Morris answered with a long, tortured explanation about when exactly he started to feel bad about what he was doing. “I changed my image of myself a long time ago,” he said.

By early 1982, Morris's moral gauge hit empty: he was not only corrupt but also desperate to conceal his corruption. Sometime in April, he was approached by two agents from the labor racketeering squad, Gerald Montanari and Leo Brunnick. They explained to Morris that they had begun to cultivate Brian Halloran, the Southie hoodlum, as a potential informant. The two agents had come to Morris to ask him what he thought of Halloran's suitability as a CI (confidential informant). In the course of this debriefing, Montanari and Brunnick also revealed to Morris that Halloran was claiming that he had been offered the contract to murder Roger Wheeler, owner of World Jai Lai, by Bulger and Flemmi, and that he had turned it down.

Mention of the Wheeler murder jangled Morris's nerves. Wheeler had been gunned down in Tulsa, and local and state police in Oklahoma had already traced a link to Boston. The investigator in charge—an aggressive Oklahoma state policeman named Mike Huff—had contacted Boston FBI with questions about Bulger, Flemmi, et al. As the FBI's liaison with the Oklahoma investigation, Morris had assigned John Connolly. It was Connolly's job to protect the FBI's prize informants.

In his conversation with the two agents, Morris was further alarmed to hear that it was their intention to wire up Brian Halloran and have him meet with John Callahan, the former president of World Jai Lai. Morris was aware that Callahan had quite possibly initiated the murder of Roger Wheeler. Any conversation between Halloran and Callahan, memorialized on a secret recording device, would be devastating to Bulger and Flemmi.

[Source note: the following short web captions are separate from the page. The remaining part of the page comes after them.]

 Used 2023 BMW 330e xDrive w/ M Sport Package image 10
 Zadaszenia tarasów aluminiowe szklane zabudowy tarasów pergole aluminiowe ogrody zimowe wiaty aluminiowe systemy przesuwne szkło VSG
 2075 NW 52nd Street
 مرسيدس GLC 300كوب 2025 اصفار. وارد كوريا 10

Not long after his conversation with Montanari and Brunnick, Morris was in his office when John Connolly entered. Connolly had been away from the office taking a master's course in public administration at Harvard University. Although Morris's conversation with Montanari and Brunnick had been confidential, Morris blurted out “spontaneously” to Connolly that
Halloran was being cultivated as a CI. Morris noted that Halloran was spilling the beans about the Wheeler murder and would imminently be used to gather potentially devastating evidence against Bulger and Flemmi via a wired-up conversation with Callahan.

Special Agent Connolly didn't need to be told more than once; he got the message. Within a matter of days, Connolly went directly to Bulger and told him that he had a potential problem he needed to take care of: Brian Halloran.

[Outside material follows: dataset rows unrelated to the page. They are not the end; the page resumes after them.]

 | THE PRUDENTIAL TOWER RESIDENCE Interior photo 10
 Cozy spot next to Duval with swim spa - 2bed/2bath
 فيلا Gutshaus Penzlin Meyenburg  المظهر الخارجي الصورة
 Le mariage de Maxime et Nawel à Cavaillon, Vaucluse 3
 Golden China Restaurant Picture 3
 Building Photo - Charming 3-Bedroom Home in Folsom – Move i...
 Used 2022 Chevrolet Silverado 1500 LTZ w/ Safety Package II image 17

On the witness stand, Morris looked stricken. The deviousness of his former self was an unpleasant memory, like looking in the mirror and seeing something ugly, not the person you perceive yourself to be. Morris squirmed in his seat. He had testified in court about these facts many times over the last sixteen years, but that didn't make it any easier. Of all his many crimes, this may have been one that Morris, a Catholic, knew could result in the eternal damnation of his soul.

Asked Hank Brennan, “After you told Mr. Connolly about Mr. Halloran, you had another conversation with him, didn't you?”

Morris spoke quietly now, his voice barely a whisper. “Yes. He came back to me.”

“And during that conversation, you inferred that he had told members of organized crime about your little secret.”

“I inferred from what he told me that he had talked to them. Whether they had the information already or whether he told them, I don't know, but he, obviously, had been in contact with them.”

Four weeks later—on May 11, 1982—Morris came in to work at the federal building one day and learned that Brian Halloran had been gunned down on the Boston waterfront, along with Michael Donahue, an innocent victim who had been giving Halloran a ride home.

Morris knew that he had provided information to Connolly that had likely led to the murders of Halloran and Donahue.

From the stand, Morris wanted the jury and everyone else in the courtroom to know how bad he felt. It was part of his performance as a man racked by guilt. His decision to divulge confidential information to Connolly had led to the murder of two men. What a terrible burden for John Morris. His brow furrowed in contemplation; his eyes moistened.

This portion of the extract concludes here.